----- PROVIDED ENTRIES -----

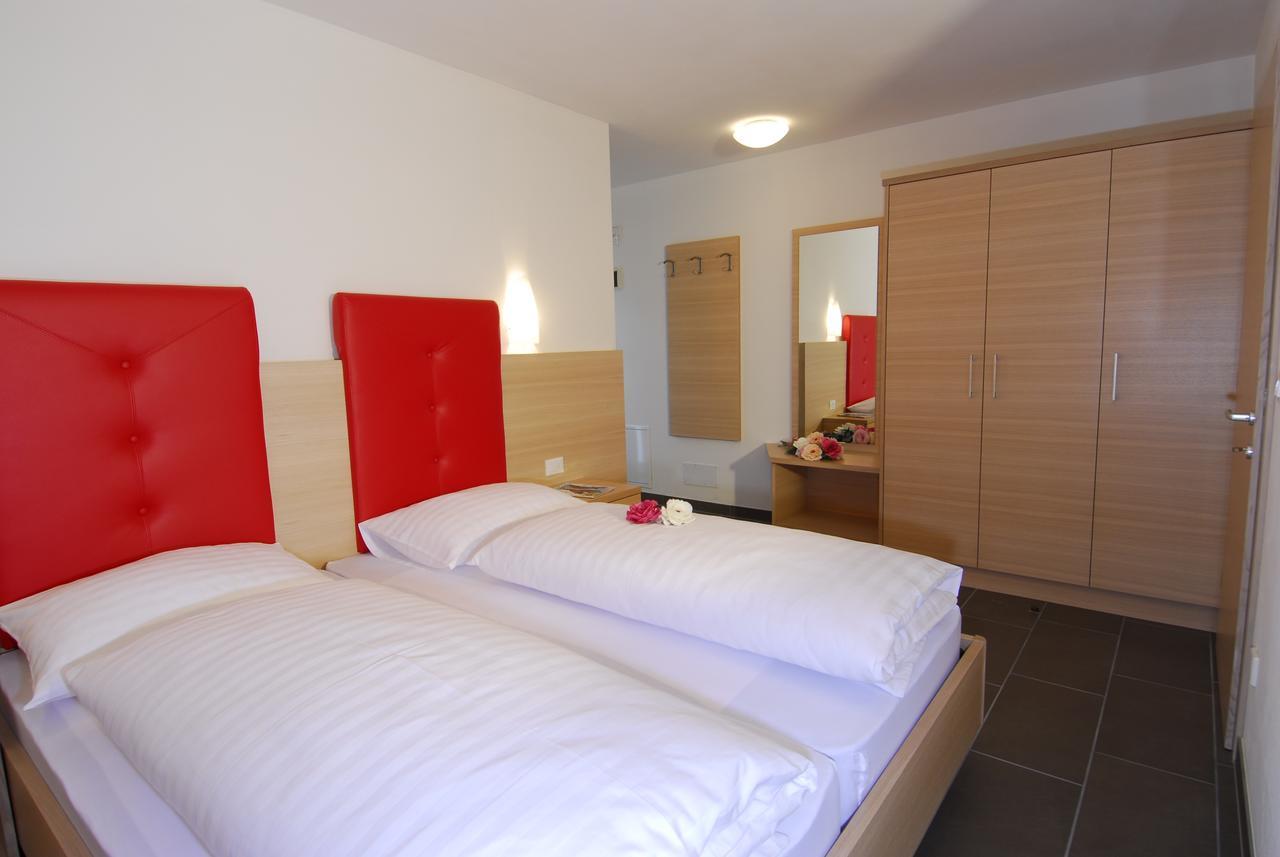 Aparthotel Der Blaue Reiter Scena Esterno foto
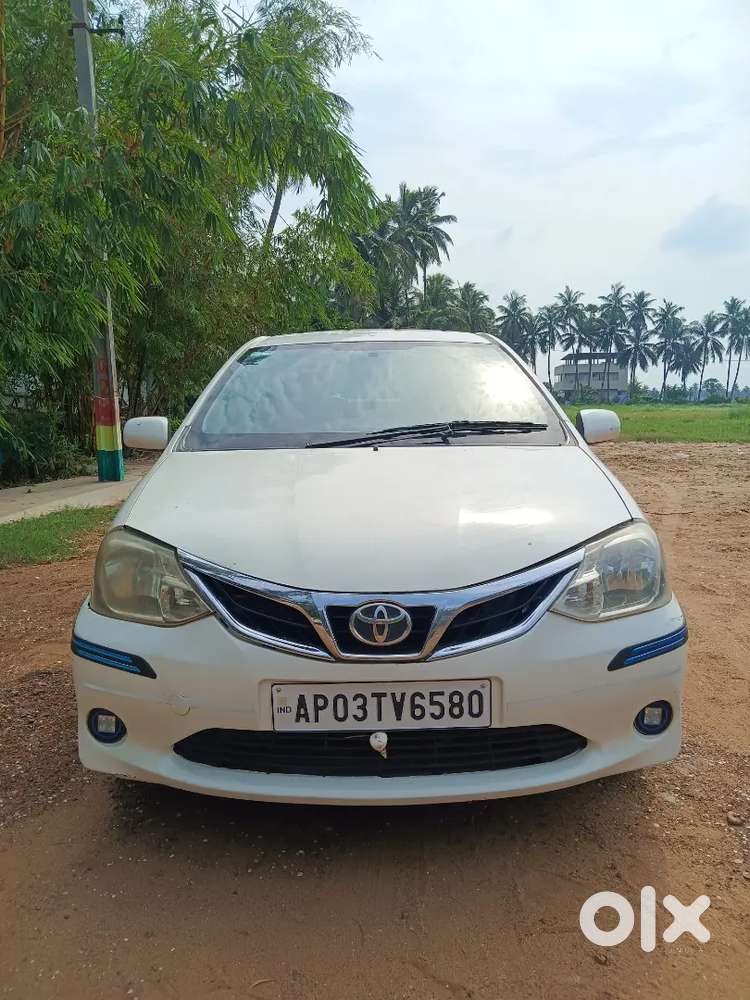 Toyota Etios 2012 Diesel Good Condition
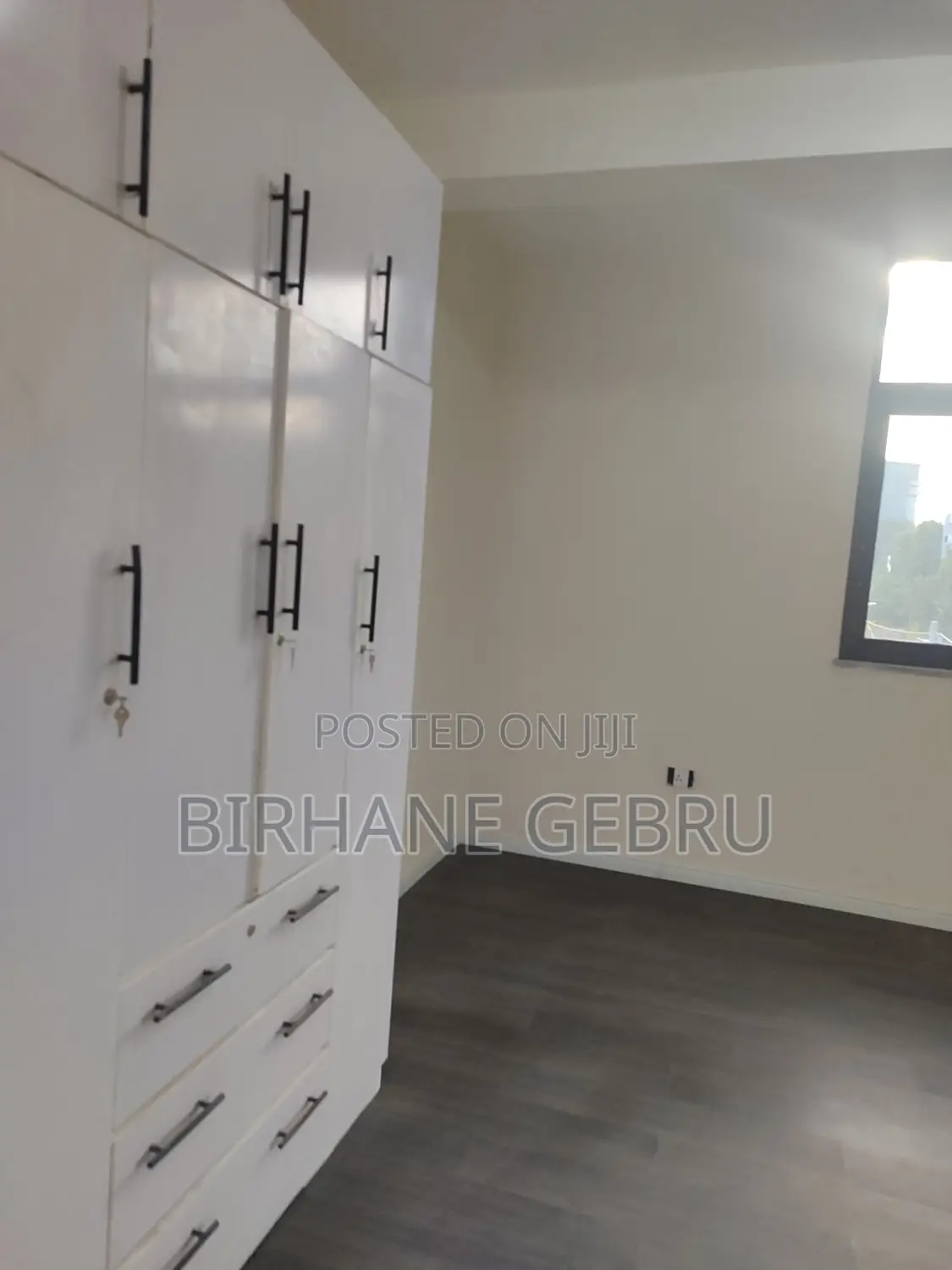 8bdrm House in G+3+Teracce, Bole for rent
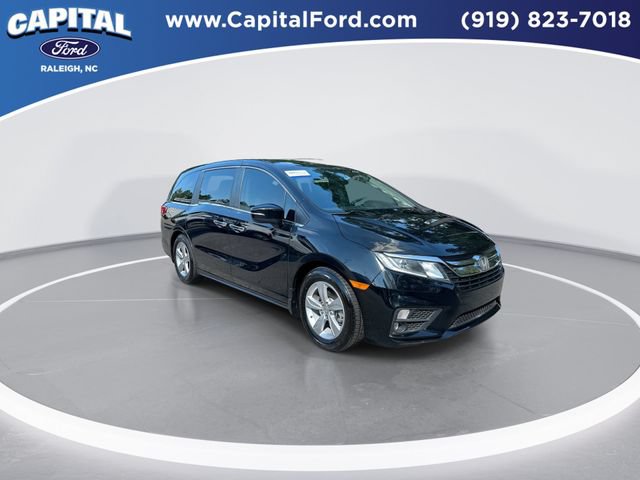 Used 2020 Honda Odyssey EX-L image 2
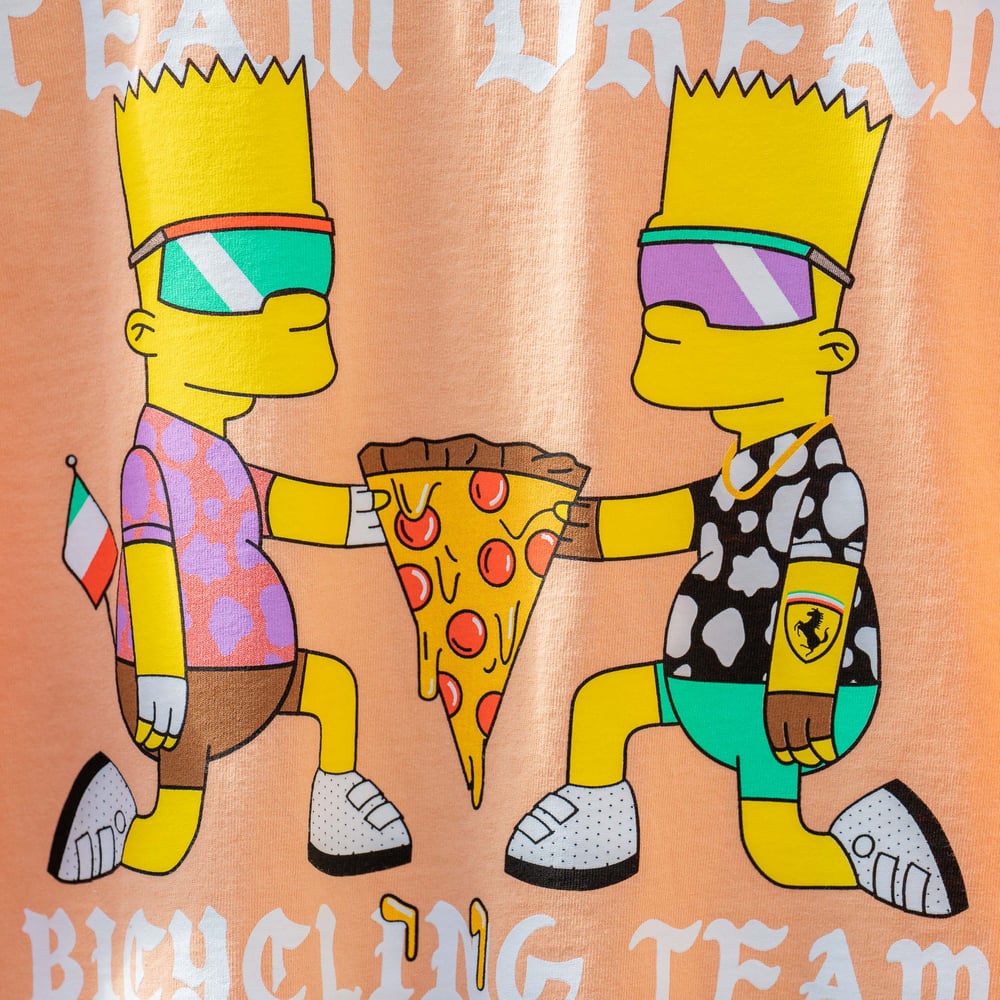 Pizza Bart Tees!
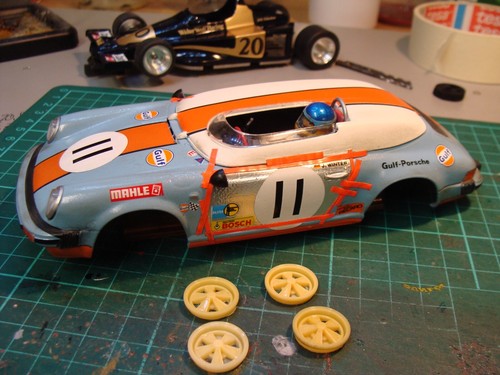 Tamiya 24075 porsche 911 - tamiya,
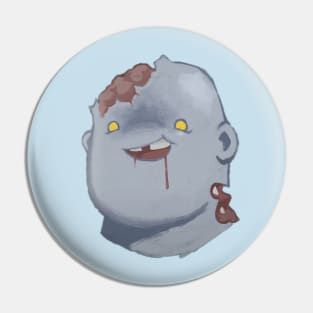 Resident Evil: Resistance - Shy Emote Pin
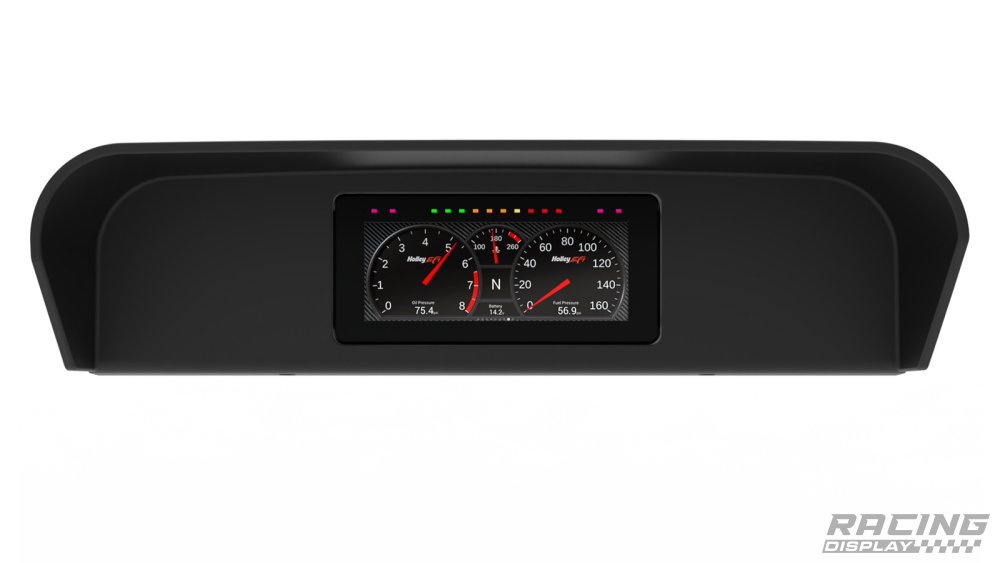 display:Holley EFI 6.86" Dash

-----

WHAT YOU NEED TO DO:
Beginning with the line that contains "Resident Evil: Resistance - Shy Emote Pin" in the data above, please copy each line exactly until the last line, both ends included, skipping any pictures.

ANSWER:
 Resident Evil: Resistance - Shy Emote Pin
 display:Holley EFI 6.86" Dash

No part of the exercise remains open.